Über Zuschuss an den TSV Hillerse befindet allein der Rat

Hillerse.  Der Hillerser Sportausschuss gab keine Empfehlung ab. Das Thema wurde nach langer Diskussion zurück an die Fraktionen verwiesen.

Bei einer anderen Angelegenheit als der Ausschusssitzung zeigte Heinz Gerono eine Luftbildaufnahme der Sportplatanlage.

Bei einer anderen Angelegenheit als der Ausschusssitzung zeigte Heinz Gerono eine Luftbildaufnahme der Sportplatanlage.

Foto: BZ-Afrchiv / Alisch

Welche Ausgaben der Vereine sollte die Gemeinde aus Steuermitteln bezuschussen und welche nicht? Auf die politische Agenda kam diese Frage durch einen Antrag des TSV Hillerse auf Erhöhung der Zuschüsse für die Platzpflege, der im Kultur- und Sportausschuss sehr kontrovers diskutiert wurde.

Der Sportverein möchte 1500 Euro mehr als bisher für die Pflege der von der Gemeinde gepachteten Anlage haben. Die Politik hatte im Vorfeld dazu erhellende Zahlen, Daten und Fakten gefordert, die den Mehrbedarf erklären sollten.

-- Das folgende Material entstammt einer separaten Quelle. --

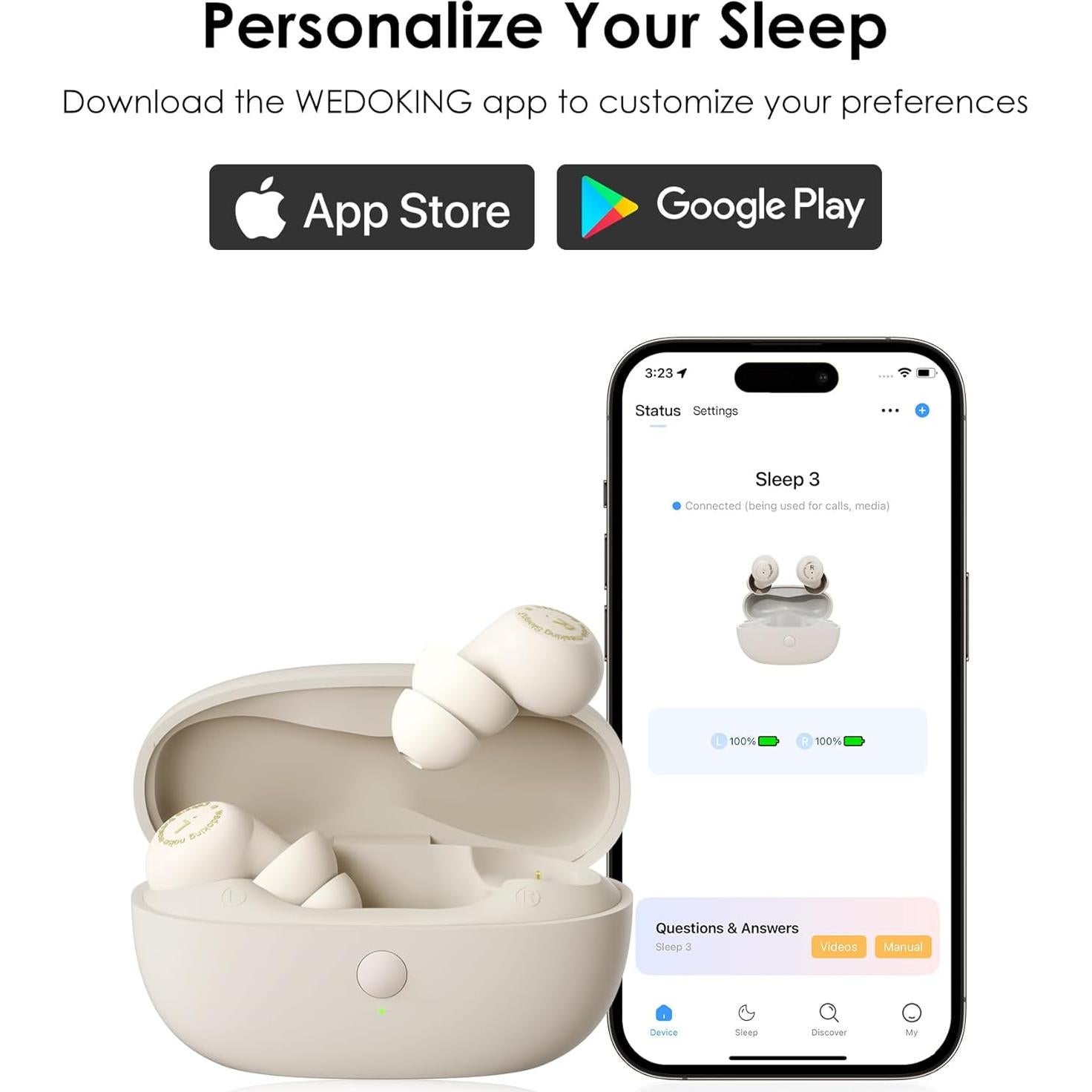 Auriculares para dormir Wedoking con luz UV, Bluetooth, Marfil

Was das Team um Kassenwart Lars Dürkop vorgelegt hatte, reichte dem Gremium auch nach 45 Minuten Debatte für ein Votum nicht aus. „Die Entscheidung fällt der Rat“, stellte Ausschussvorsitzender Philipp Raulfs (SPD) fest. Zuvor hatte Ivonn Lütge (CDU) gewarnt: „Wir wecken damit Begehrlichkeiten bei den anderen Vereinen.“

Ohne Debatte durchgewinkt der 1000-Euro-Zuschuss für die Reparatur der Solarthermieanlage auf dem Dach des Sportheimes. Zudem soll der Kleingartenverein 350 Euro für die Teicherneuerung erhalten und der SV Volkse-Dalldorf zusätzliche 250 Euro für Betriebskosten des Mähroboters bekommen. Statt einer Flutlichtanlage, möchte der Verein eine Beregnungsanlage errichten. Bereits bewilligte Zuschüsse der Gemeinde sollen in das neue Vorhaben fließen.

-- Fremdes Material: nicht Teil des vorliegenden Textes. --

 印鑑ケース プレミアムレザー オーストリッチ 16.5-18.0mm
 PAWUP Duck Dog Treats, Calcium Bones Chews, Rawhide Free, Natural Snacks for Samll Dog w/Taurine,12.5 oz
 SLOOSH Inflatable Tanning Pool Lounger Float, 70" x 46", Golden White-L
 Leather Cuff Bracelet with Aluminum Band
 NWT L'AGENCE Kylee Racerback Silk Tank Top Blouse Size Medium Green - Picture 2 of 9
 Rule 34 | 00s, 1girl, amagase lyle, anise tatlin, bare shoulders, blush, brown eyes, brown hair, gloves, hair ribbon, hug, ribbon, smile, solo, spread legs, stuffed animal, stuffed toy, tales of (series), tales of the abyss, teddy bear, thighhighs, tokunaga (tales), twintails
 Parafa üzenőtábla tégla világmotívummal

Einstimmig versammelte sich die Politik hinter dem SPD-Antrag, wonach die Verwaltung auflisten soll, welcher Sanierungsbedarf bei gemeindeeignen Liegenschaften besteht. Zudem sollen ab 2021 jährlich 30.000 Euro für deren Beseitigung im Etat platziert werden.

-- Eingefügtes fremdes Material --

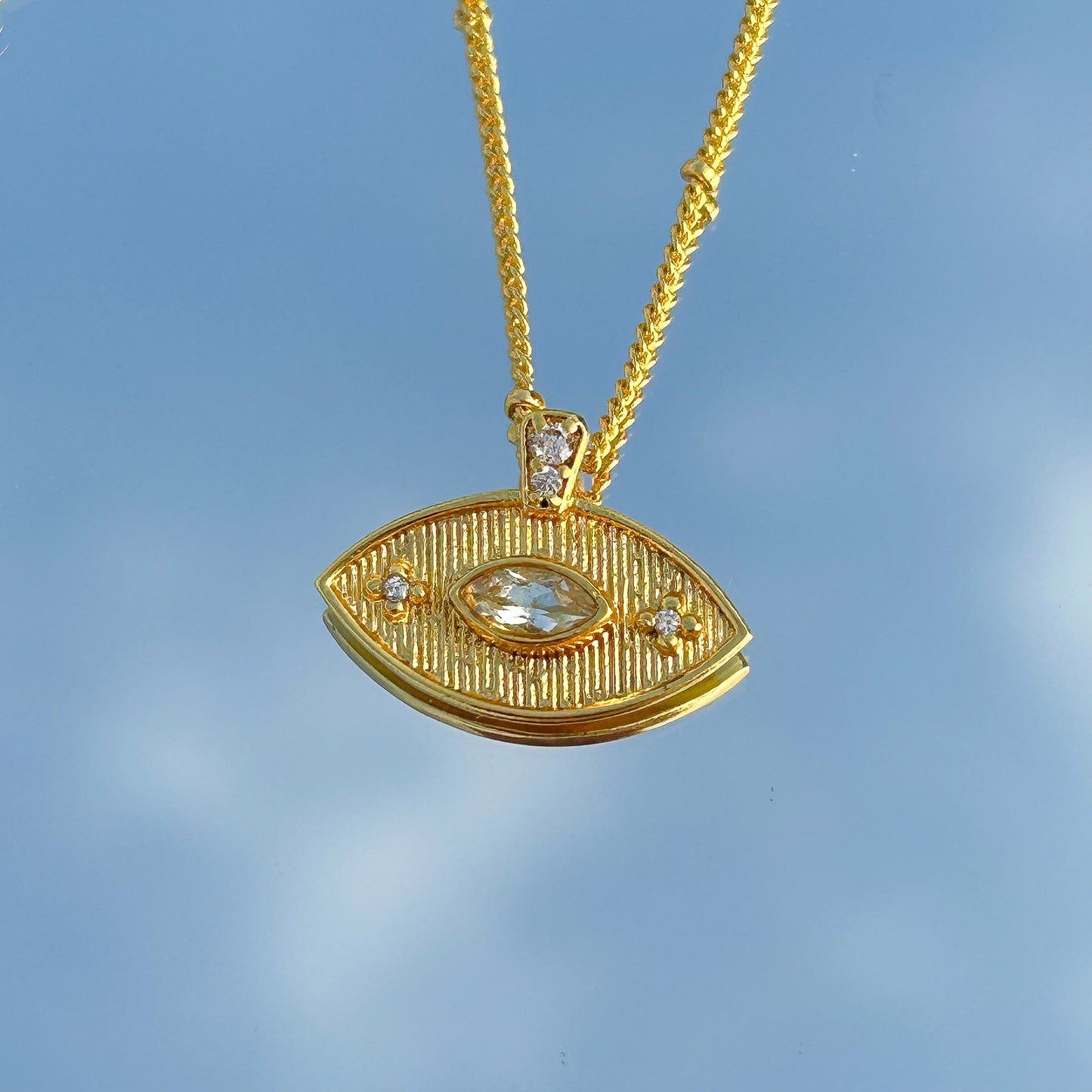 Evil Eye ball chain necklace with Amethyst, Iolite, Peridot, Ruby, Black Onyx, Blue Topaz and zircon gemstones in gold plated Brass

„Die Entscheidung über die Maßnahmen trifft allein die Politik“, stellte Raulfs klar.

Die Sozialdemokraten sorgen sich auch um die Zukunft des Osterfeuers, sobald die Netto-Fläche nicht mehr dafür genutzt werden kann. „Die Gemeinde sollte für das Osterfeuer eine Fläche pachten und dafür sollten wir jährlich 500 Euro im Haushalt einplanen“, erläuterte Raulfs, der das Gremium bei dieser Idee komplett hinter sich hatte.